Apa yang diisyaratkan Max
Weber tersebut kiranya merupakan diktum yang sangat mendasar, aktual,
klasik, general, dan universal sepanjang masa, sebagaimana yang sudah lebih
dari cukup diceramahkan para guru-guru di sekolah, tokoh-tokoh masyarakat dalam
setiap kesempatan, pendeta atau ulama di tempat-tempat peribadatan, mengikuti
titah yang diajarkan para rasul kepada murid-muridnya.
Idealnya memang tidak semata-mata (an sich) pemuda saja yang dituntut demikian, melainkan semua
lapisan masyarakat.
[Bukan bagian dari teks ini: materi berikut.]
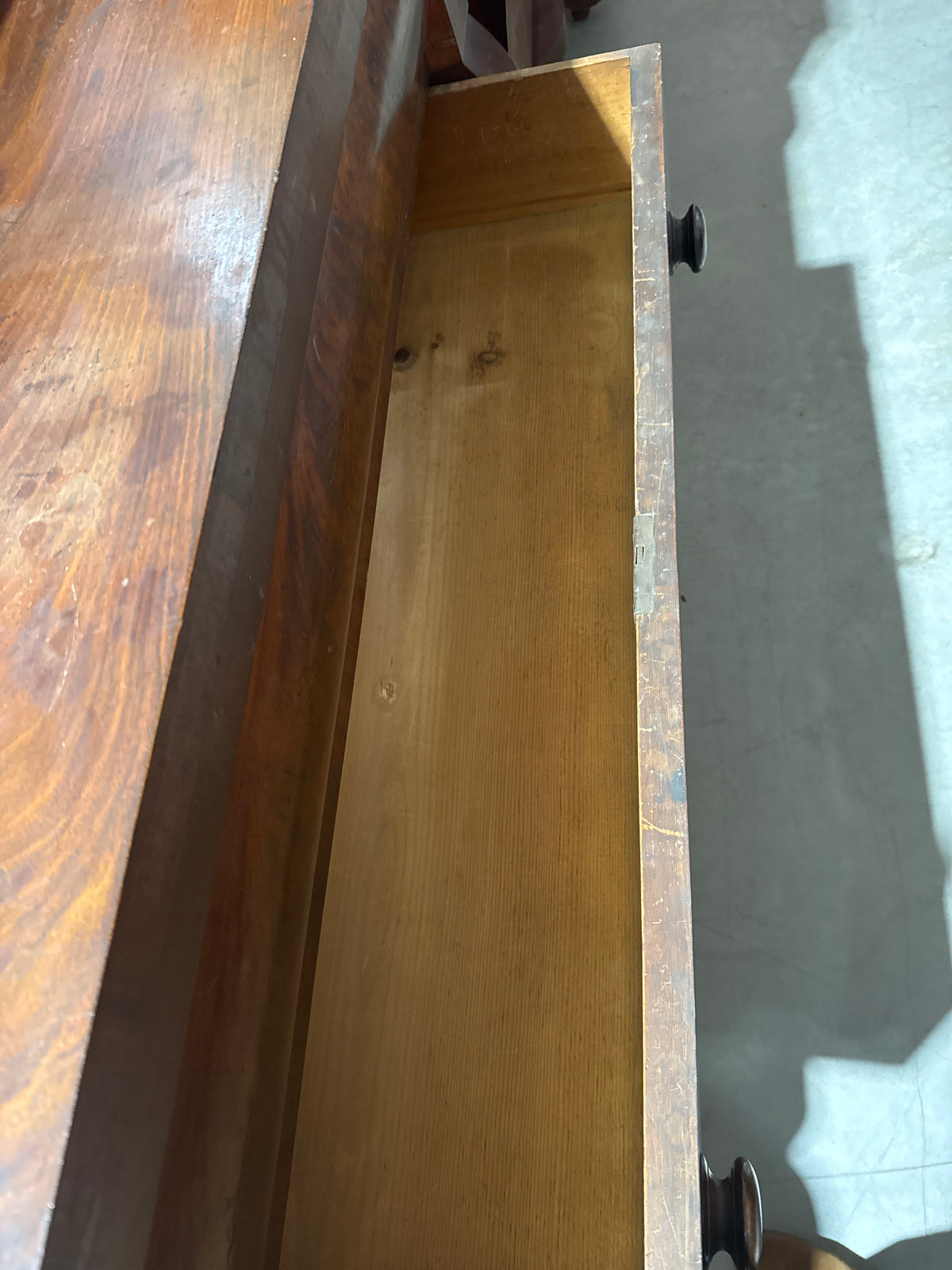 Antique Mahogany Empire Chest of Drawers k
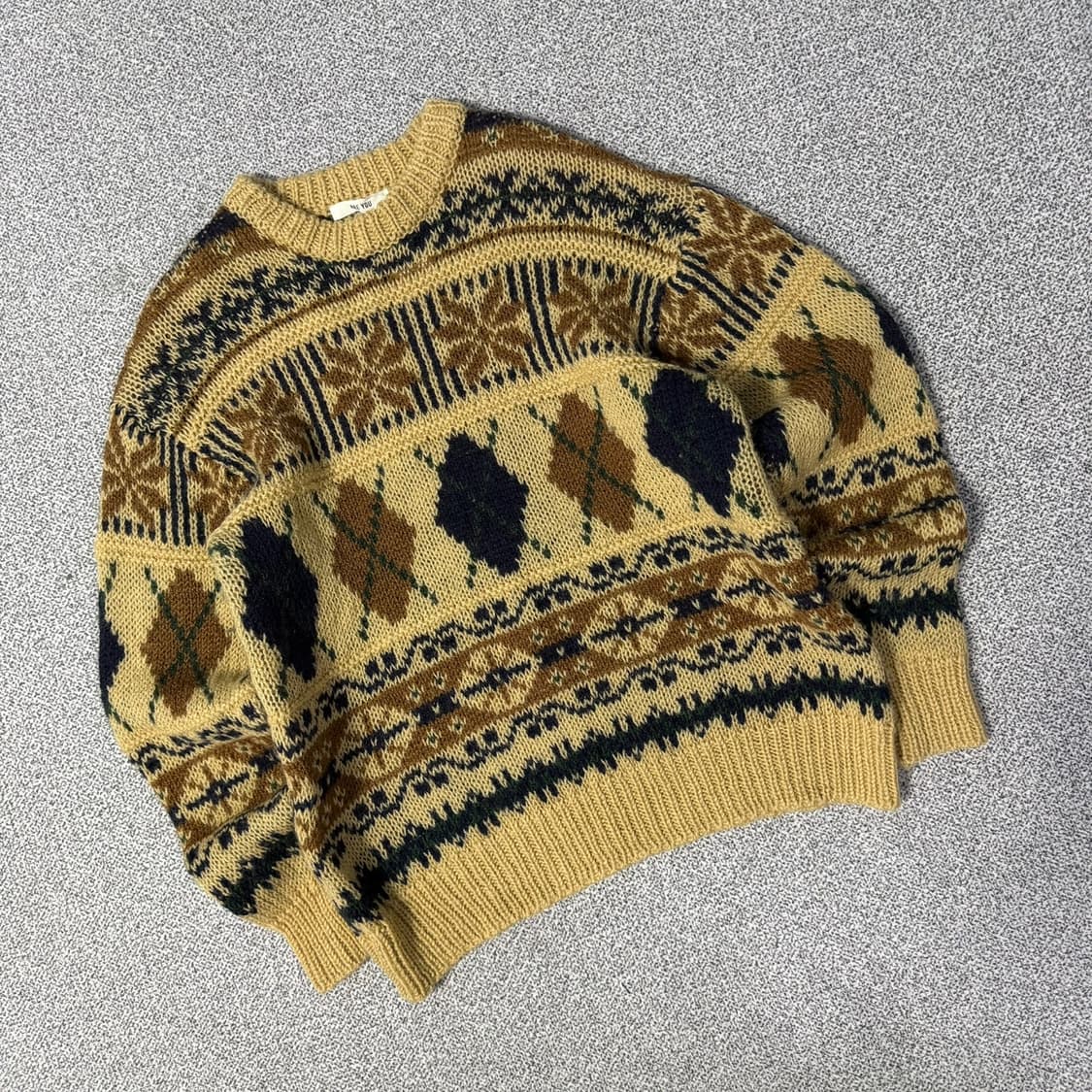 알유 니트 상품이미지1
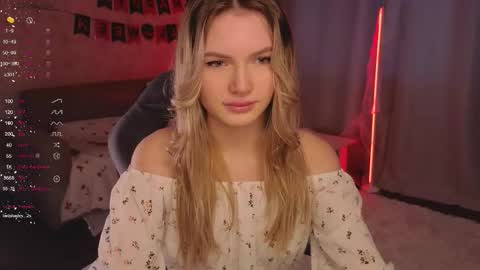 Snapshot of evilyn_next_door chatting on October 31, 10:38 am Evelyn online show from October 31, 10:38 am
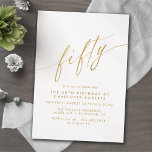 Invitación Guión blanco y dorado | Delicado 50 cumpleaños de<br><div class="desc">Invitaciones formales de 50 años con "cincuenta" textos en un guión de caligrafía. Tipo de letra falso dorado en un fondo blanco crujiente. NOTA: El efecto oro se replica mediante un gráfico de alta calidad. El artículo se imprimirá mate.</div>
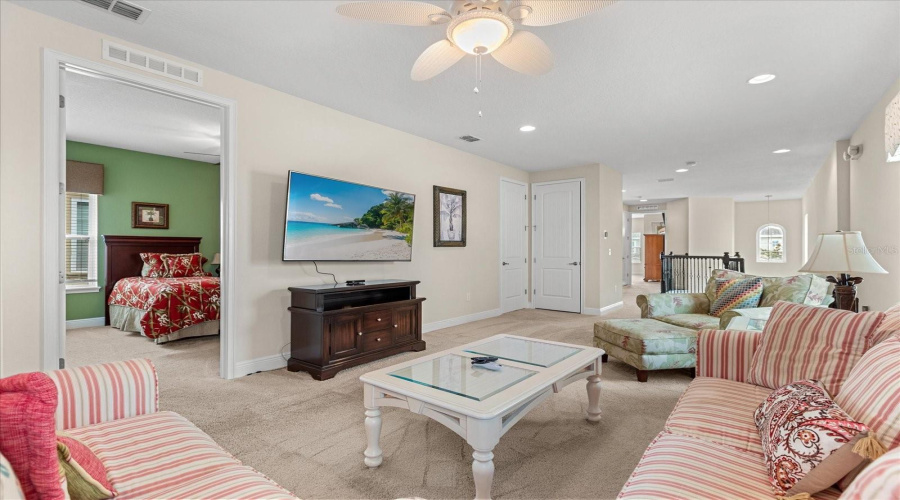 REUNION, Florida 34747, 5 Bedrooms Bedrooms, ,5 BathroomsBathrooms,Residential,For Sale,CASTLE PINES,0,MFRO6312203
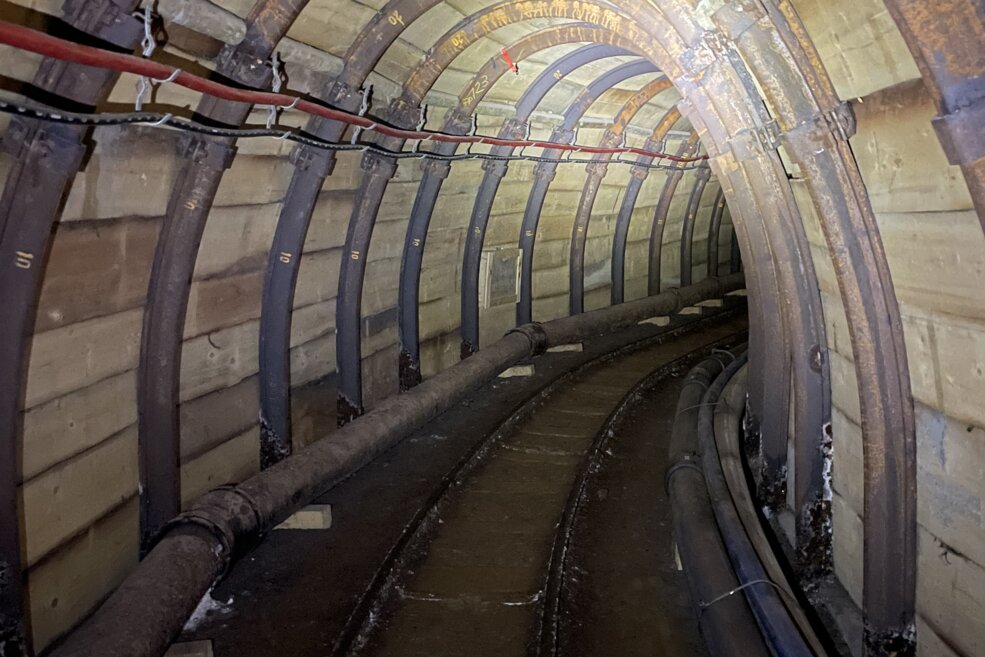 Schienen für Bergbahn im Salzbergwerk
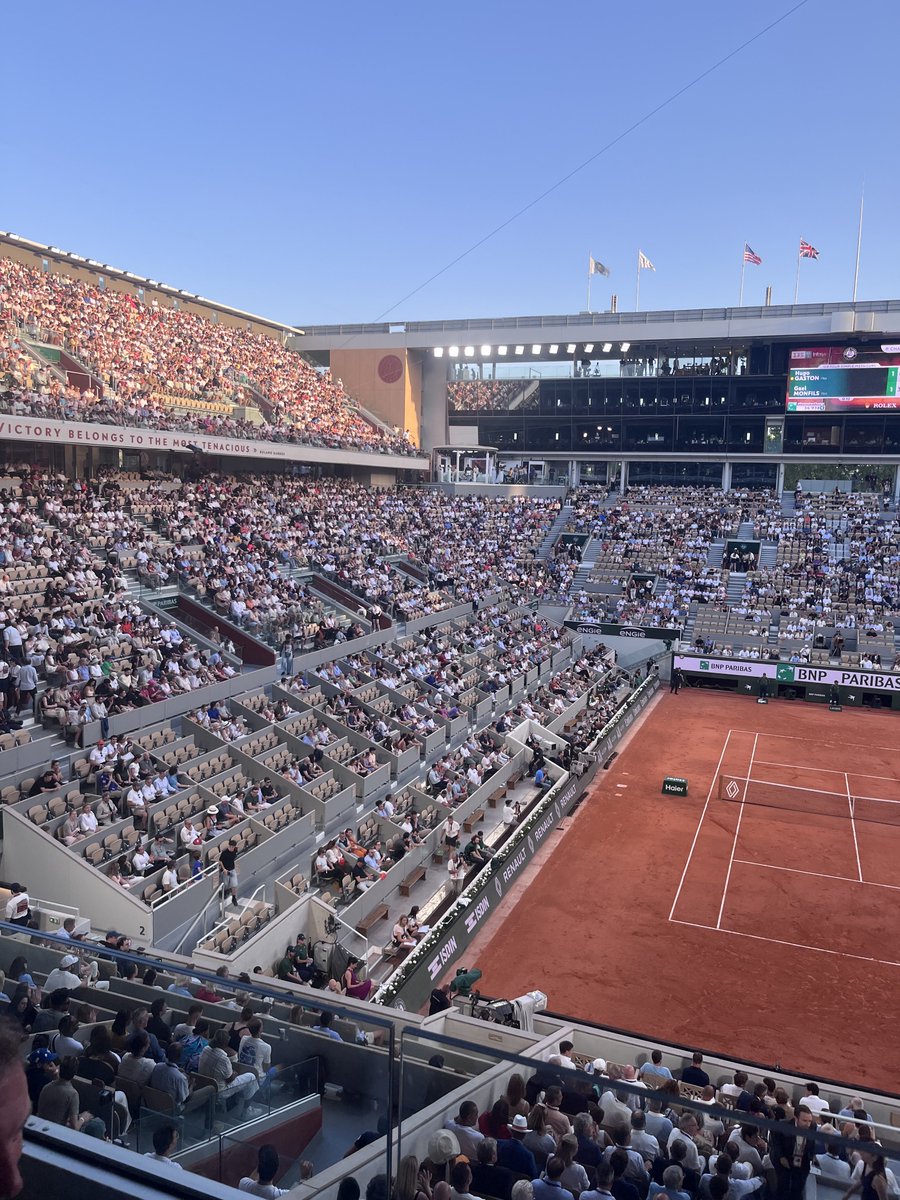 gaetanemeslin's tweet photo. Des loges vides pour un match 100% français alors que des milliers de fans rêvent de venir à #rolandgarros2026 https://t.co/mE1ad6ehjJ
Namun karena pemuda adalah fase terakhir untuk kelak
menjadi orang tua (setelah bayi, anak-anak, dan remaja) yang punya kunci dan
power maka adagium tersebut perlu penekanan ekstra, karena siapa tahu orang tua
yang kelak akan digantikan tersebut melakukan kekeliruan besar, baik dalam
scope terkecil hingga scope berbangsa, bernegara atau memanca negara.
Pemuda sebagai agent of
change, pelopor pembaharuan sudah barang tentu akan menemukan “nilai
(value) yang tidak selalu selaras dengan” kekinian atau status quo. Orang tua
karena predikat ketuaannya biasanya cenderung mencurigai setiap nilai di luar
tradisinya. Disisi lain juga aktingnya juga agak lamban, terlalu banyak
pertimbangan. Selanjutnya dapat di duga akan timbul konflik. Suatu yang wajar
dan sah pada setiap perubahan. Akan tetapi apabila kedua pihak sama-sama harga
mati pada pendiriannya otomatis yang mencuat adalah “snobisme”, ketegangan,
atau anarkhi, baik dalam bidang politik, ekonomi, sosial dan kebudayaan.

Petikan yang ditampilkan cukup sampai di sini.